Essas e outras perguntas semelhantes me foram feitas ao longo dos anos desde a publicação da minha versão do Drácula. A minha resposta sempre foi não, eu não tinha a pretensão de inovar ou conquistar esse ou aquele público. Mas, analisando mais a fundo, eu queria fazer algo diferente sim. Não por ter a pretensão de inovar o gênero, e sim por ter uma visão diferente do vampirismo corrente na época.
Talvez esse olhar diferenciado seja influenciado pelo meu gosto pessoal, pelo meu tema preferido no inicio da minha carreira como roteirista. Sempre gostei da ficção fantástica, incluindo a pseudo ficção cientifica.
Quando o Kussumoto sugeriu fazer uma história de vampiro, visando um especial do gênero da Specktro, a idéia não me agradou muito. Mesmo assim pensei no tema e escrevi uma história dividida em duas partes “Semente do mal” e “Noite da vingança”, onde o vampiro tinha sentimentos.
E esta história foi publicada unicamente por que havia um buraco na revista e nada melhor para preencher o espaço. A história seguinte que escrevi (O Sol) foi apresentada apenas rafeada e recusada de imediato.
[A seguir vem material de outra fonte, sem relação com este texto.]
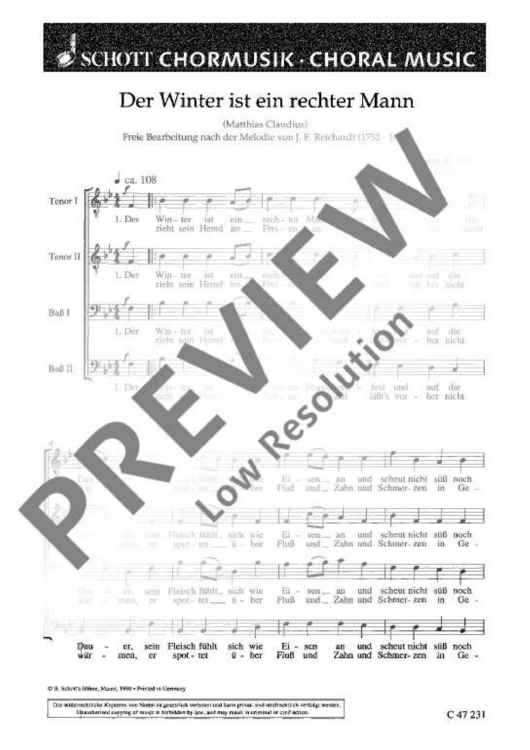 Der Winter ist ein rechter Mann - Choral Score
Algum tempo depois a editora me encomendou uma história do Drácula no futuro distante. Eu sabia que tinha que escrever algo dentro do padrão ou seria recusada pelo editor. Li o livro do Brain Stoker para conhecer a personagem. E de imediato eu percebi que faltava no livro a visão do vampiro. A situação toda era vista por uma ótica puritana e preconceituosa.
E então comecei a “pensar” como o vampiro. A buscar a motivação dele para continuar vivendo dias iguais, sem surpresas e suportando as mudanças em seu mundo. Essa idéia era tão forte que eu não conseguia escrever a história que me foi encomendada. Escrevi a série “Drácula 3.000 D.A” colocando poucas participações do vampiro enquanto pensava numa forma de harmonizar o que o editor queria publicar com o que eu queria escrever.
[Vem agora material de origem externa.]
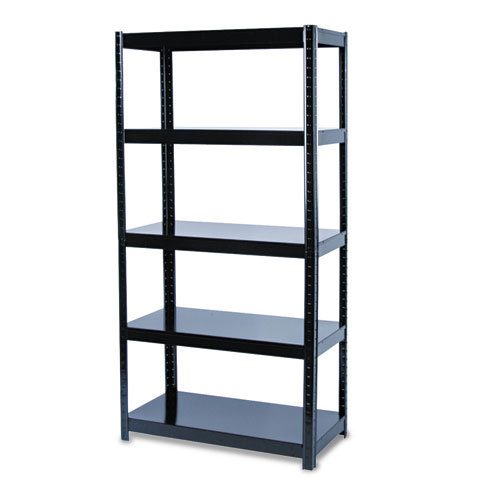 Boltless Steel Shelving, Five-Shelf, 36w X 18d X 72h, Black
Esta série não teve continuação, mas a idéia de quadrinizar o “Drácula” permaneceu. Eu sabia também que da forma como eu queria fazer teria poucas chances de ser publicado. A idéia ficou zanzando sem rumo em minha mente até que conheci a Neide Harue.
A princípio ela recusou a idéia, pois o gênero terror não lhe agradava. Expliquei então a minha idéia em detalhes e ela topou, mesmo sabendo das poucas chances de conseguir publicar.
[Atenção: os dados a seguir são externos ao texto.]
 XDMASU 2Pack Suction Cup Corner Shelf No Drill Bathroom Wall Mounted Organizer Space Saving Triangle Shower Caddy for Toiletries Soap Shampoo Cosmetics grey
“Drácula, a sombra da noite” nasceu em seu formato atual como fruto das nossas conversas sobre a personagem, sobre seu mundo, sua motivação, etc.
Então, não havia a “pretensão” de inovar o gênero, mas havia uma vontade de fazer a história com outro ângulo, mantendo os dogmas do gênero.
UM OLHAR DIFERENTE
E esses dogmas eram o problema. Era corrente que o vampiro era uma alma penada, um demônio, um amaldiçoado. Que podia se transformar em morcego, lobo ou névoa. Que se levantava a noite para chupar sangue e voltar depois para dormir no caixão.
Eu não aceitava essa idéia mística sobre o vampiro. Influenciado pelo meu gênero favorito, eu pensava no vampiro como uma mutação genética. Foram longas discussões sobre isso com a Neide. Mesmo não me agradando, aceitei que as questões místicas, os dogmas da personagem, não podiam se ignorada.
Nenhum editor iria querer publicar uma personagem diferente do padrão e ainda mais se tivesse mudanças radicais.
Eu imaginava três tipos de vampiro:
1)- Os nascidos vampiros (a mutação genética). Que precisavam do sangue para se reproduzir e não como uma necessidade alimentar. E sua mordida não era contagiosa, só o seu sangue poderia transformar alguém em vampiro. E tinha todos os desejos humanos. E alguns poderes que não cheguei a definir na época. Mas não incluía a transformação em morcego, (A Maria era a representante deste tipo). Pesquisei sobre seres naturais que sugavam sangue, como o morcego, sanguessugas e pernilongo. A necessidade dos pernilongos me pareceu a mais adequada para minhas “teorias”.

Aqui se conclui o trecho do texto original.